Why the ‘Data Lake’ Is Really A ‘Data Swamp’

MIT Adjunct Professor Michael Stonebraker

A popular refrain I hear these days is "I am planning to put all of my data into a data lake so my employees can do analytics over this potential treasure trove of information." This point of view is also touted by several vendors selling products in the Hadoop ecosystem. Unfortunately, it has a serious flaw, which I illustrate in this posting using (mostly fake) data on one of my M.I.T. colleagues.

Consider two very simplistic data sources containing data on employees. The first data source has record of the form:

Employee (name, salary, hobbies, age, city, state)

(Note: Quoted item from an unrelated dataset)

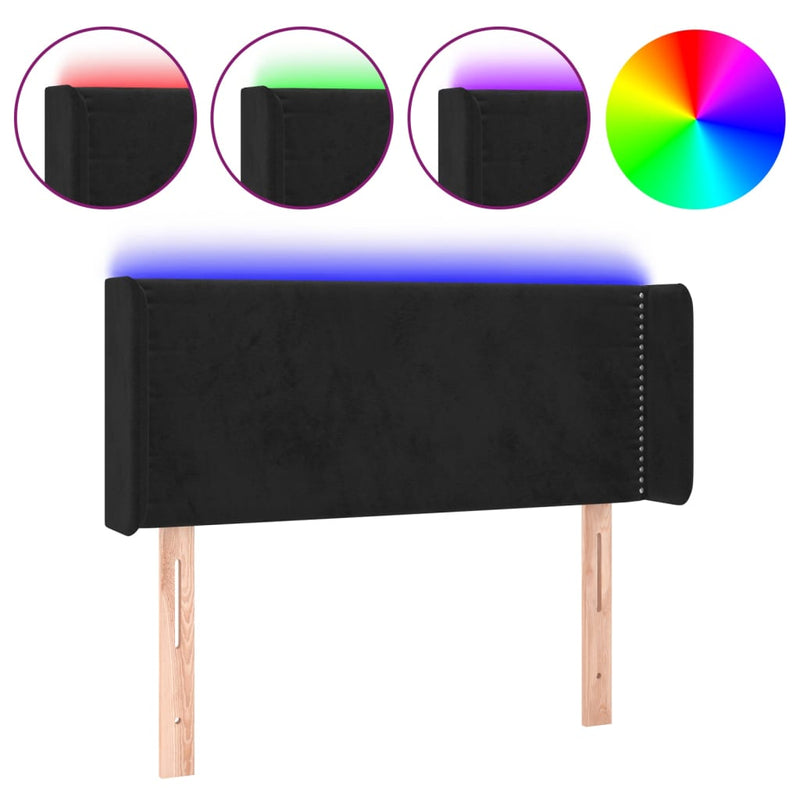vidaXL fekete bársony LED-es fejtámla 83 x 16 x 78/88 cm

while the second contains data with a layout of:

Person (p-id, wages, address, birthday, year-born, likes)

An example record from the first data set might be:

(Sam Madden, $4000, {bike, dogs}, 36, Cambridge, Mass)

An example from the second data set might be:

(Samuel E. Madden, $5000, Newton Ma., October 4, 1985, bicycling)

A first reasonable step is to assemble these records into a single place for subsequent processing. This Ingest step is the first phase of a data curation process with the following components:

Ingest: Data sources must be assembled as noted above.

Data transformation: The field "address" must be decomposed into its constituent components "city" and "state". Similarly "age" must be computed from "year born" and "birthday".

Schema integration. The fact that p-id and name mean the same thing must be ascertained. Similar statements hold for other attributes in the records, as well as in the transformed fields.

Data cleaning. The two salaries of Sam Madden are different numbers. One or both may be incorrect. Alternately, both may be correct; for example one could be total wages including consulting while the other could represent the W-2 salary of an individual. Similarly, Sam can only have a single age. Hence, one (or both) data source have incorrect information.

Entity consolidation. It must be ascertained that the two Sam Madden records correspond to the same person, and not two different persons. Then, the two records must be merged into a composite record. In the process, decisions (often called merge rules) need to be made about Sam’s hobbies. For example are "bike" and "bicycling" the same thing?

Several comments are immediately evident. Data curation is an iterative process. After applying some of these steps, it may make sense to go back and repeat some of the other steps. For example, entity consolidation may reveal the problems with Sam’s salary and age. Hence, further data cleaning is warranted. In effect, data curation is a workflow of processing steps with some backtracking.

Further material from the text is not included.